IntelLabs / distiller

Neural Network Distiller by Intel AI Lab: a Python package for neural network compression research. https://intellabs.github.io/distiller
Apache License 2.0
4.34k stars 799 forks source link

Weights not properly quantized during Quantization Aware Training #520

Open shazib-summar opened 4 years ago

shazib-summar commented 4 years ago

Hi, I'm working on applying QAT on a model. I made the necessary modifications. However, when I looked into one of the saved checkpoint .pth files, I observed that none of the weights were actually quantized. All <layer_name>.weight tensor were in floating point format. Following this, I ran the QAT example provided here. I made the same observations. None of the tensors in the saved .pth files were quantized. The command I ran is,

python3 compress_classifier.py -a resnet18 \
        -p 50 \
        -b 256        \
        <path-to-imagenet>        \
        --epochs 10        \
        --compress=../quantization/quant_aware_train/quant_aware_train_linear_quant.yaml        \
        --pretrained         \
        -j 22        \
        --lr 0.0001        \
        --vs 0        \
        --gpu 0

An excerpt from the state_dict is below

'module.conv1.weight', 

tensor([[[[-1.0691e-02, -5.3453e-03,  0.0000e+00,  ...,  5.8798e-02,
            1.6036e-02, -1.0691e-02],
          [ 1.0691e-02,  1.0691e-02, -1.1225e-01,  ..., -2.7261e-01,
           -1.2829e-01,  5.3453e-03],
          [-5.3453e-03,  5.8798e-02,  2.9399e-01,  ...,  5.1849e-01,
            2.5657e-01,  6.4143e-02],
          ...,
          [-2.6726e-02,  1.6036e-02,  7.4834e-02,  ..., -3.3141e-01,
           -4.2228e-01, -2.5657e-01],
          [ 3.2072e-02,  4.2762e-02,  6.4143e-02,  ...,  4.1159e-01,
            3.9555e-01,  1.6570e-01],
          [-1.6036e-02, -5.3453e-03, -2.6726e-02,  ..., -1.4967e-01,
           -8.0179e-02, -5.3453e-03]],
          ...,

What am I doing wrong? Because @guyjacob mentioned in this comment that

Usually in quant-aware training, the "quantized" weights will still be FP32 values - but they will be discretized. That is - for 8-bit quantization, there will be 256 different FP32 values. That's the "simulated quantization" you correctly referred to above.

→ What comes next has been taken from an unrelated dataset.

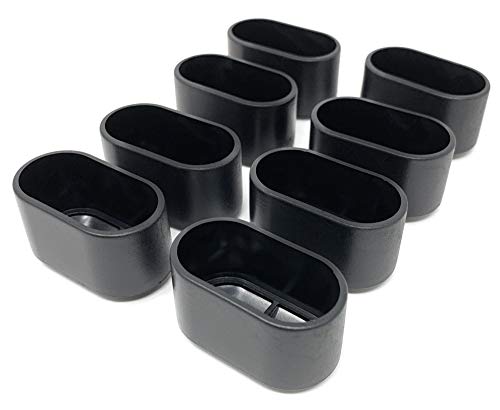 Design61 Tapas para patas de silla, 8 unidades, 30 x 15 mm, para tubos ovalados, para sillas de jardín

I observed the discretized tensor during PTQ. The tensor were of dtype FP32, however they contained integer values. I hoped QAT would also behave similarly.

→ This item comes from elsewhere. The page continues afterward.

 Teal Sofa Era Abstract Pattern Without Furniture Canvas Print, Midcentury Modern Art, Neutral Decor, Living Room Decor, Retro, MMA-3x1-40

Please help me out here. Thanks for any help in advance.

lehahoang commented 4 years ago

Hi,

As per my understanding, the model's parameters after being retrained is still in FP32. They are not quantized into Int8 yet. In case you want to examine the accuracy improvement of the retrained model, you should invoke the PTQ on that model. The bash command is the same for the PTQ with a small modification of the path to your checkpoint.pth.tar (--resume-from path/to/your/checkpoint).

I hope it helps. BR

shazib-summar commented 4 years ago

But what about @guyjacob comment in which he says that the weights will be quantized after QAT?